EXERCISE OBJECTIVE: Set down each line of the data exactly, but not the pictures.

++++++++

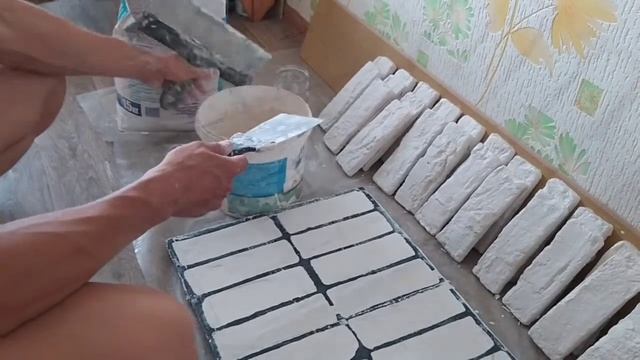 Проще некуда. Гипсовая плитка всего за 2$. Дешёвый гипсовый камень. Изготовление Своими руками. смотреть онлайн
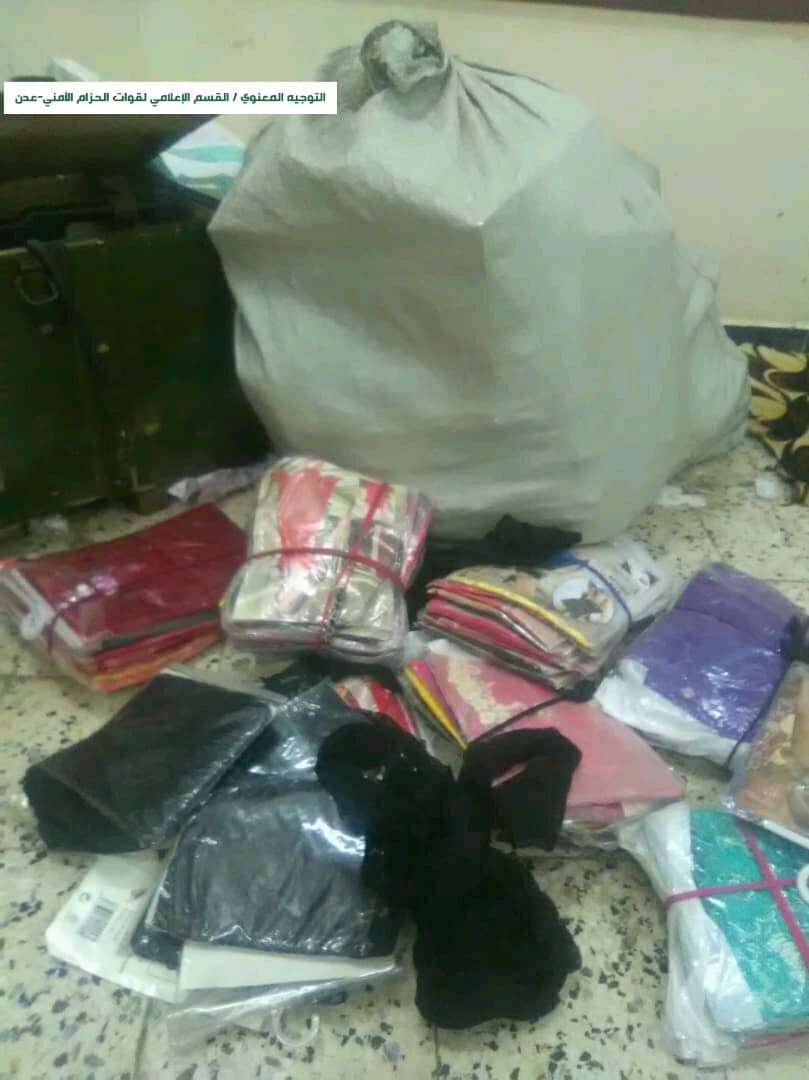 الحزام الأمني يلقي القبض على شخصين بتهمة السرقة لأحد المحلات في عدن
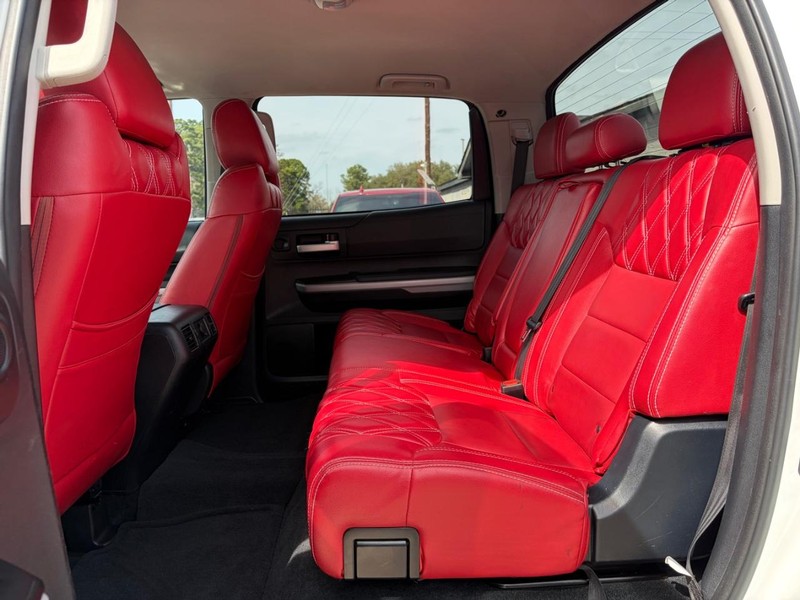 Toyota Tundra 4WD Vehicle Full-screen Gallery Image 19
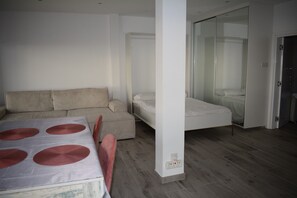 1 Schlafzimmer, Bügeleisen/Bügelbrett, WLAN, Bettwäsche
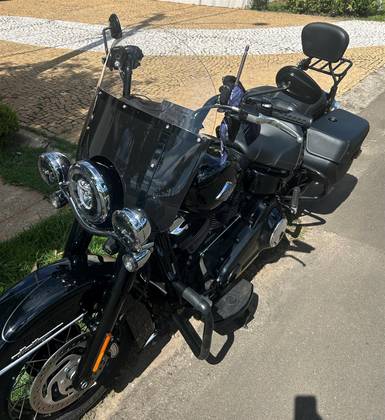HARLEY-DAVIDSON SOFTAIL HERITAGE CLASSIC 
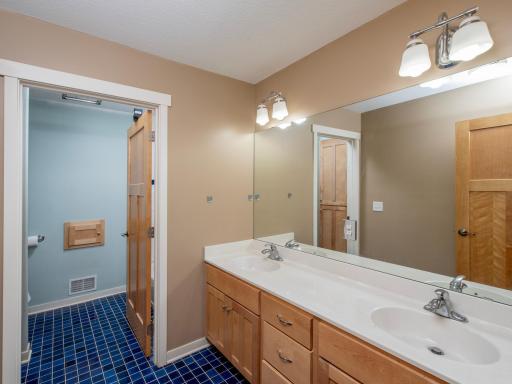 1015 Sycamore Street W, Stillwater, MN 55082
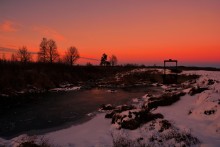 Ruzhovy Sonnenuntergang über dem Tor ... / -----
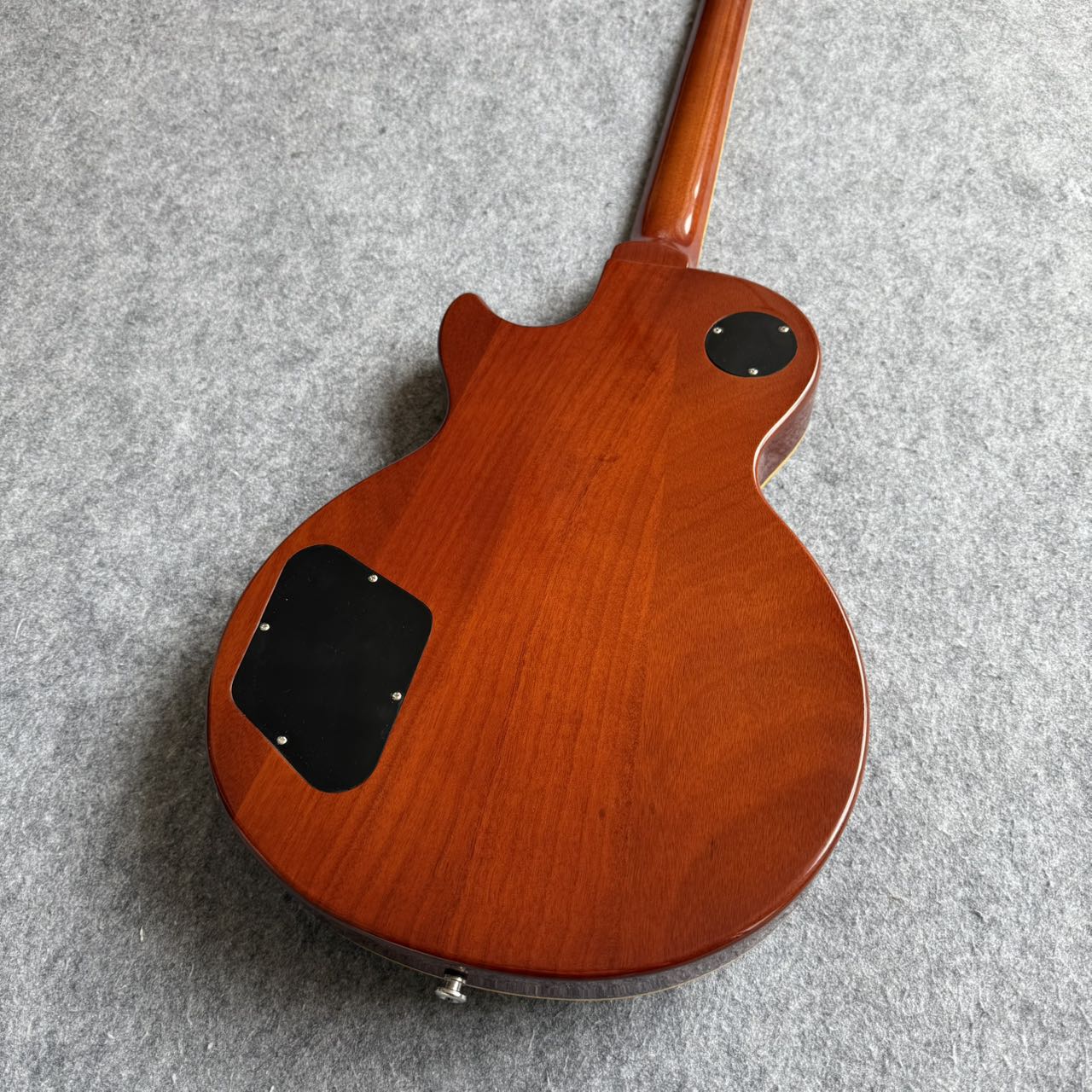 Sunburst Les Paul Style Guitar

++++++++

SOLUTION TO THIS TASK:
 Проще некуда. Гипсовая плитка всего за 2$. Дешёвый гипсовый камень. Изготовление Своими руками. смотреть онлайн
 الحزام الأمني يلقي القبض على شخصين بتهمة السرقة لأحد المحلات في عدن
 Toyota Tundra 4WD Vehicle Full-screen Gallery Image 19
 1 Schlafzimmer, Bügeleisen/Bügelbrett, WLAN, Bettwäsche
HARLEY-DAVIDSON SOFTAIL HERITAGE CLASSIC 
 1015 Sycamore Street W, Stillwater, MN 55082
 Ruzhovy Sonnenuntergang über dem Tor ... / -----
 Sunburst Les Paul Style Guitar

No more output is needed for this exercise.